** Opening Record set block **

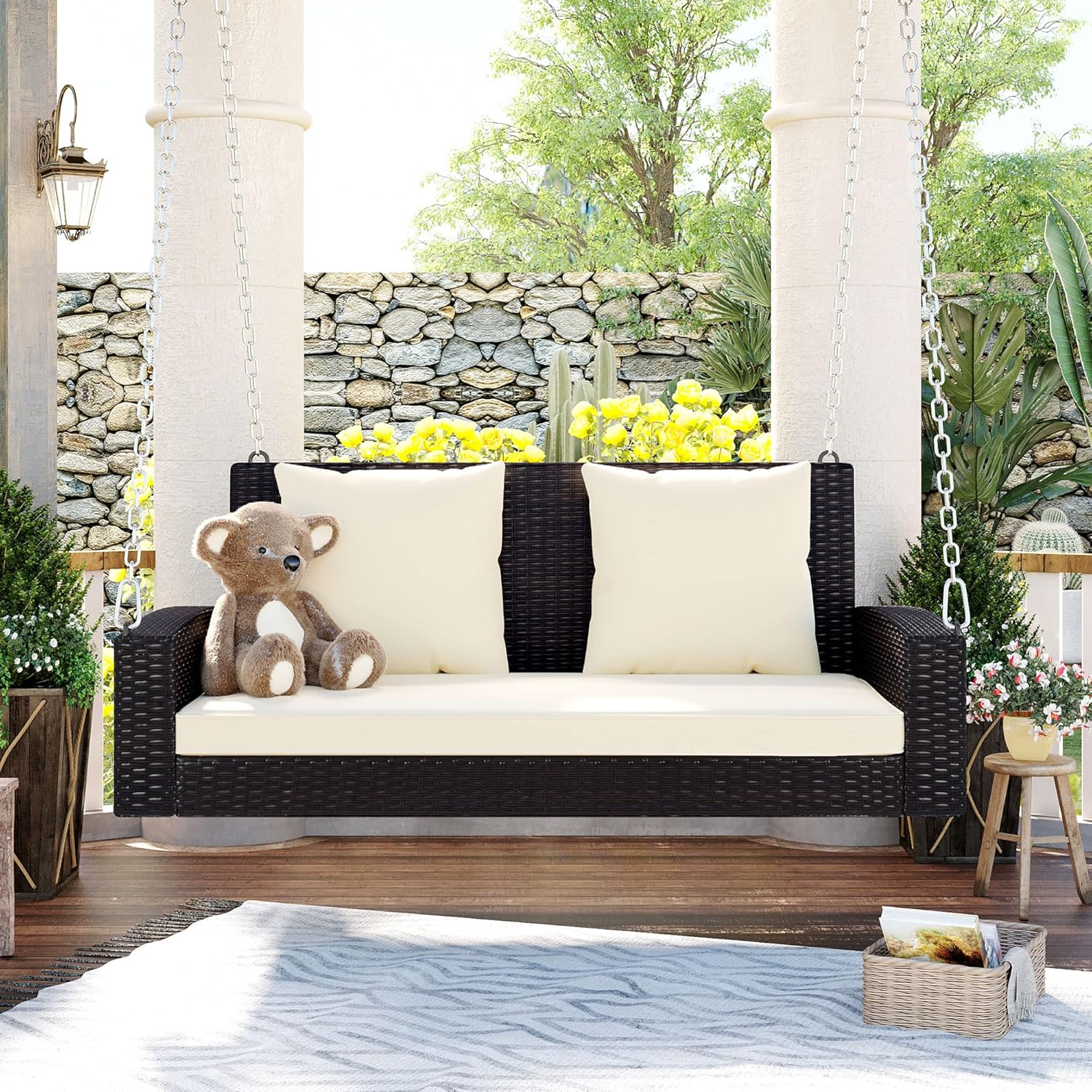 Silla columpio para patio al aire libre para 2 personas con cadenas de acero, sofá biplaza colgante tejido de ratán al aire libre con cojín y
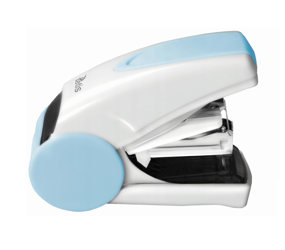 Mini zszywacz biało-niebieski GV080-NB Tetis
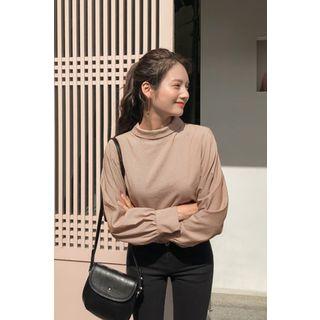 Button-back Stripe Blouse Brick - One Size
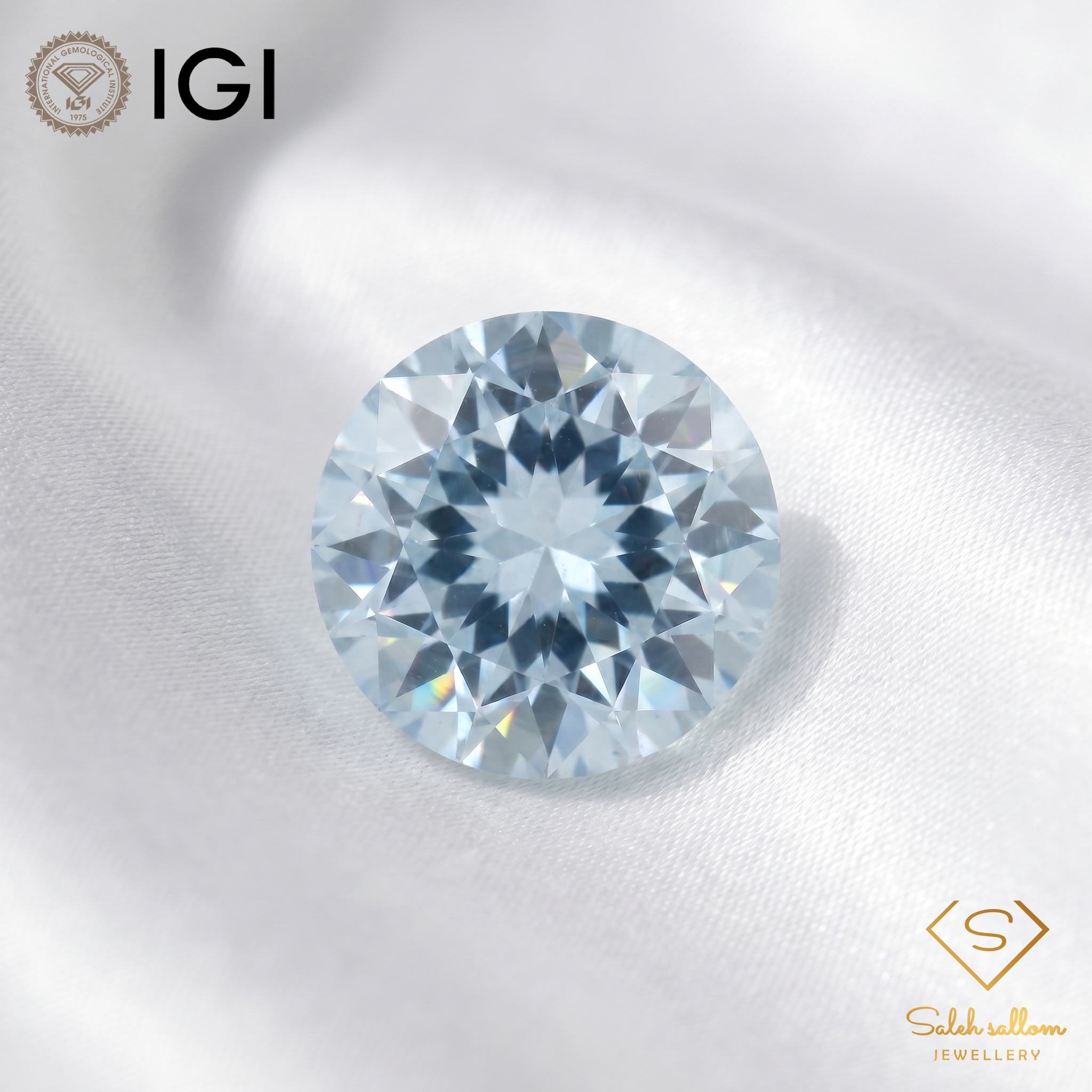 IGI Certified Natural Aquamarine | 1.23 Carats Round Mixed Cut | Greenish Blue Luxury Gemstone Secondary image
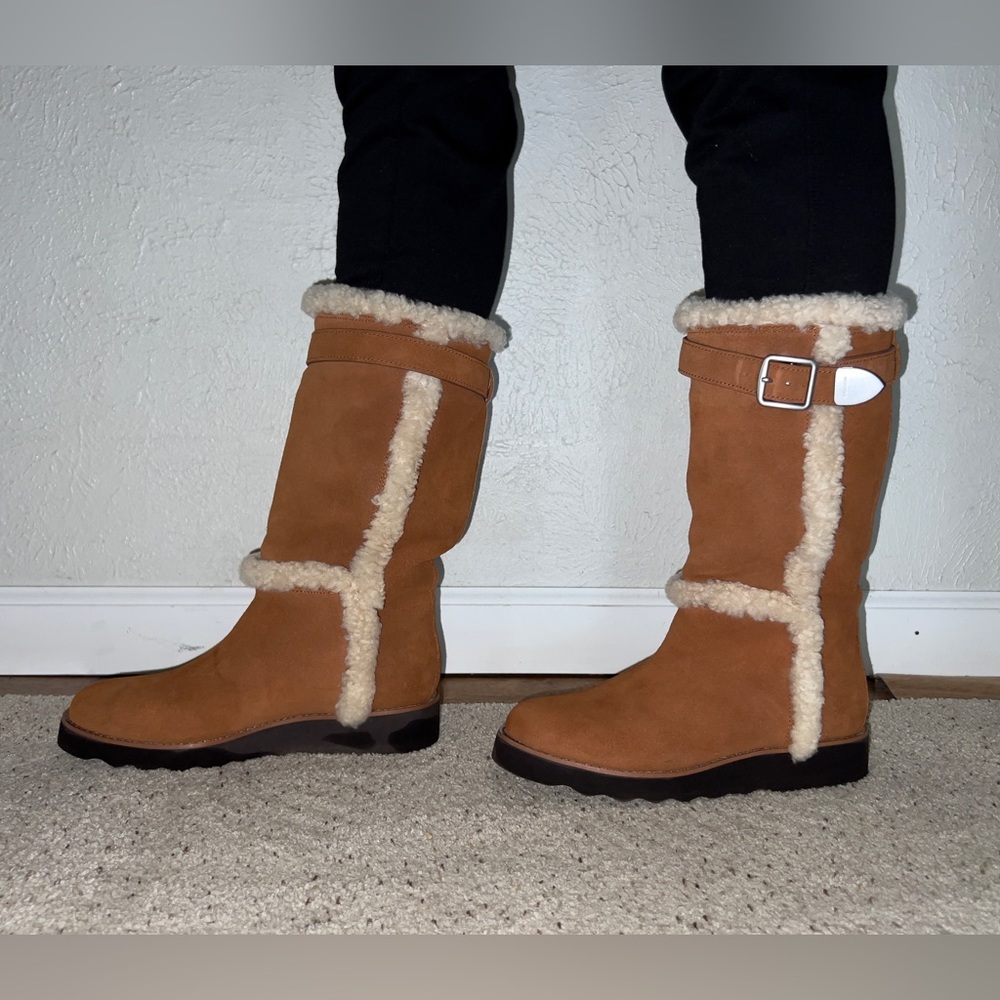 Coach Belmont Suede Womens Boots Saddle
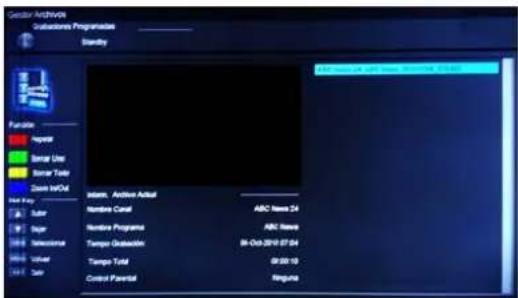 Sector Archives Doubtions Programadas Bridity Database Database Binary Use Binary Total Data In/Out Admin: Active Actual Nombre Canal ABC News 24 Nombre Programme ABC News Tempo Desalable M-Oct-2010 07:04 Tempo Total @ 30:10 Control Parental Regume
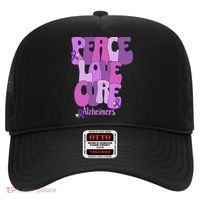 Peace Love Cure Alzheimer's Awareness Purple Ribbon End Alz Hat thumb 0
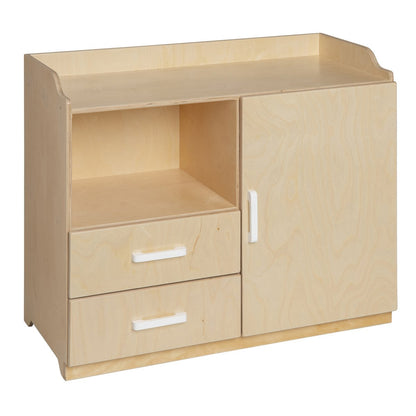 Van Dijk Toys wooden doll dresser / doll dresser - Natural with white (Childcare quality)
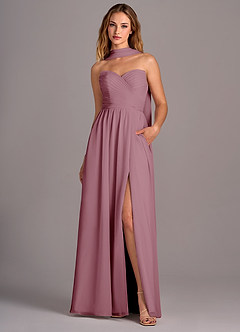 Azazie Joni Final Sale Vintage Mauve A-Line Strapless Chiffon Convertible Dress image1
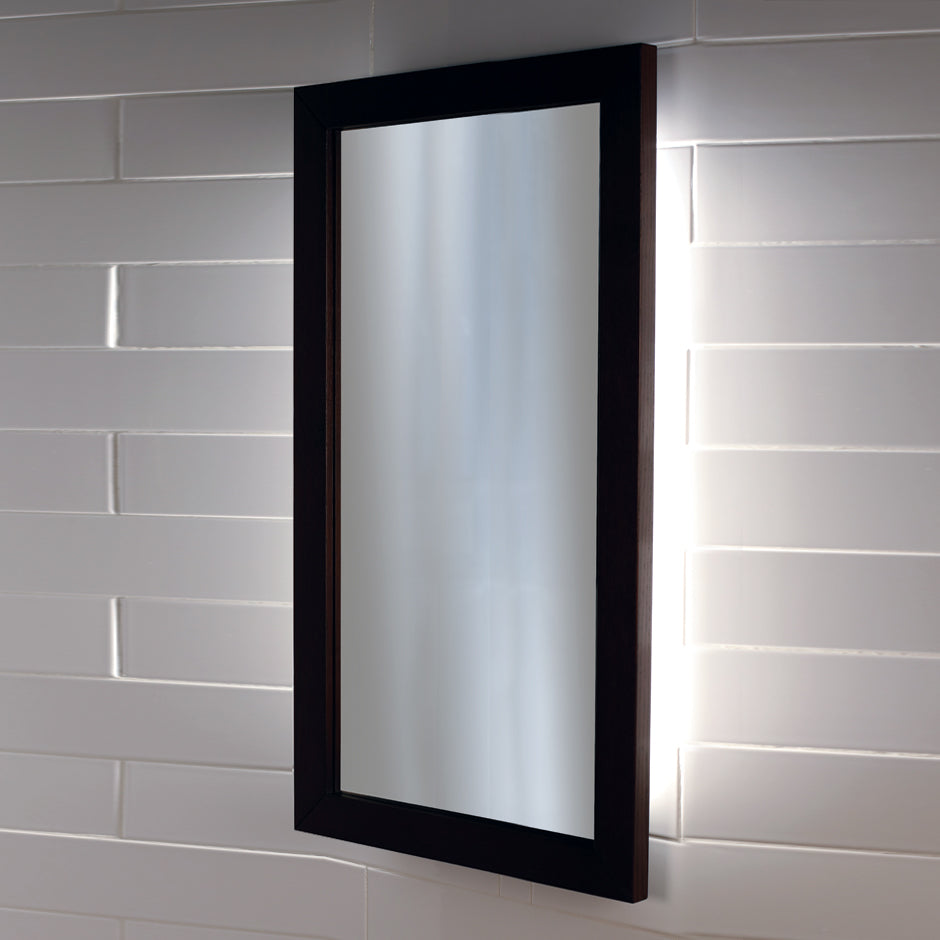 Lacava M04-23-MW - Wall-Mount Mirror In Metal Or Wooden Frame With Led Lights. W: 23", H: 34", D: 1".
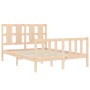 Estructura de cama de matrimonio con cabecero madera maciza de , Camas y somieres - Ref: Foro24-3192206, Precio: 165,82 €, De...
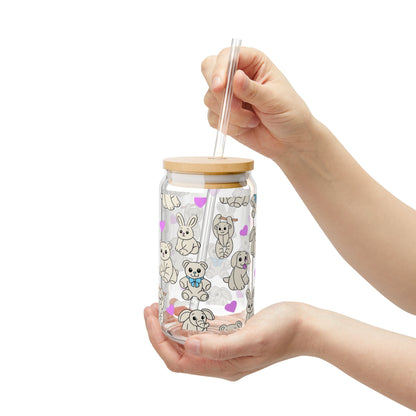 Cruise Towel Animal Sipper Glass | 16oz Glass Can with Bamboo Lid & Straw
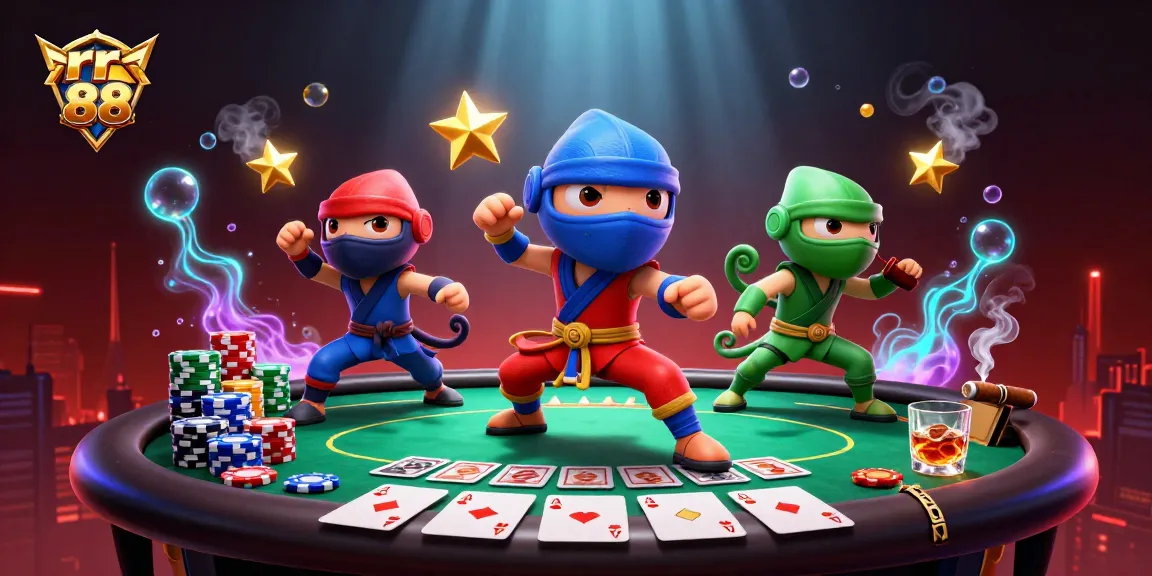 Experience the thrill of rr 88 with a vibrant scene of ninja chameleons at a poker table.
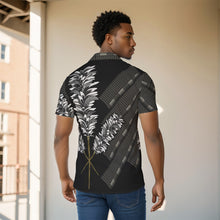 Load image into Gallery viewer, "3 Kāhili" ʻEleʻele by Hakuole Designs "Palaka Aloha" Shirt
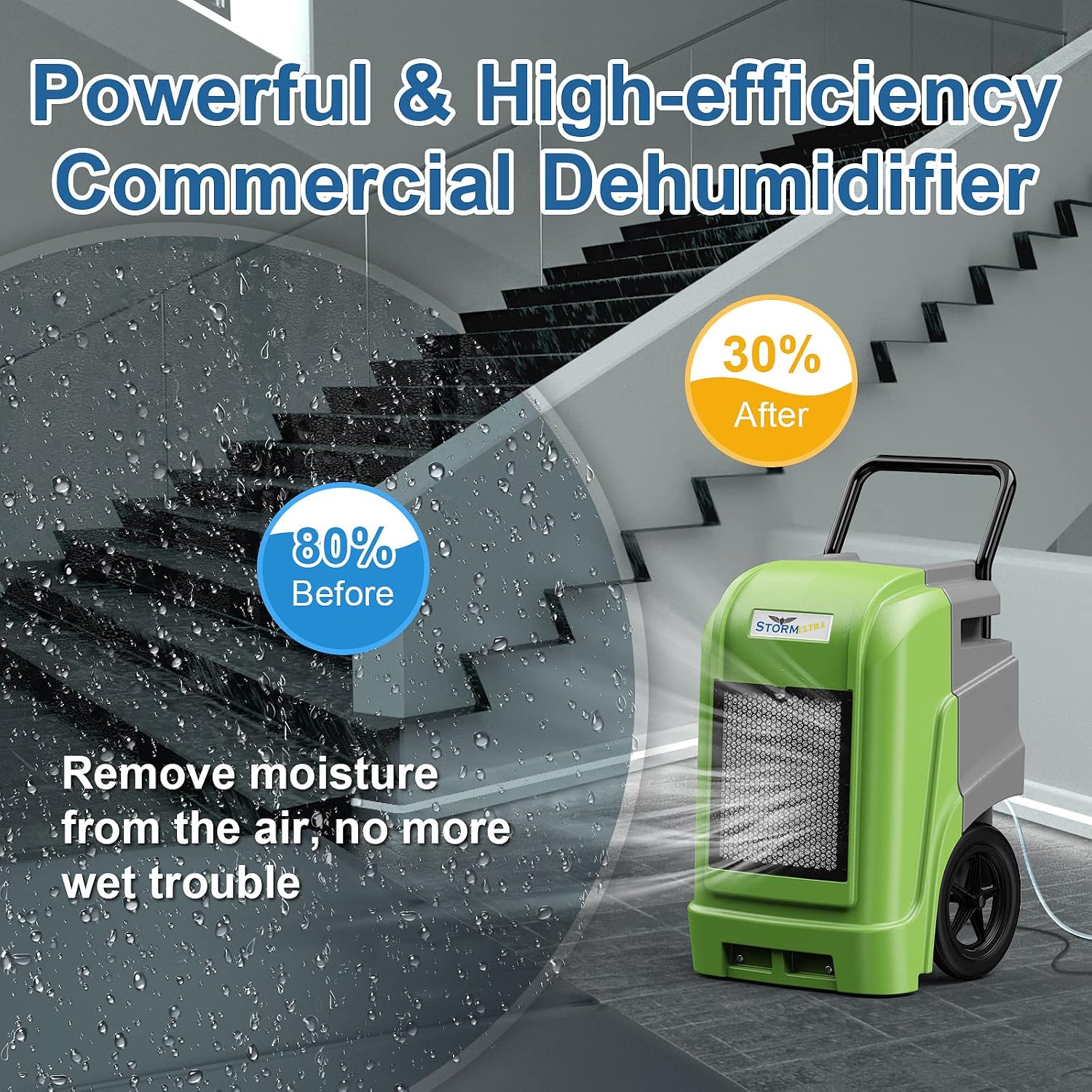ALORAIR Commercial Dehumidifier with Pump Drain Hose, 190 Pints Smart WiFi Industrial Dehumidifier Large Capacity for Basements, Garages, Mall & Job Sites, 5 Years Limited Warranty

** Closing Record set block **

**Task prompt:**
Write out exactly and only the lines that run from the start of the data above through the line containing "Coach Belmont Suede Womens Boots Saddle", leaving the pictures out.

**Answer to this problem:**
 Silla columpio para patio al aire libre para 2 personas con cadenas de acero, sofá biplaza colgante tejido de ratán al aire libre con cojín y
 Mini zszywacz biało-niebieski GV080-NB Tetis
 Button-back Stripe Blouse Brick - One Size
 IGI Certified Natural Aquamarine | 1.23 Carats Round Mixed Cut | Greenish Blue Luxury Gemstone Secondary image
 Coach Belmont Suede Womens Boots Saddle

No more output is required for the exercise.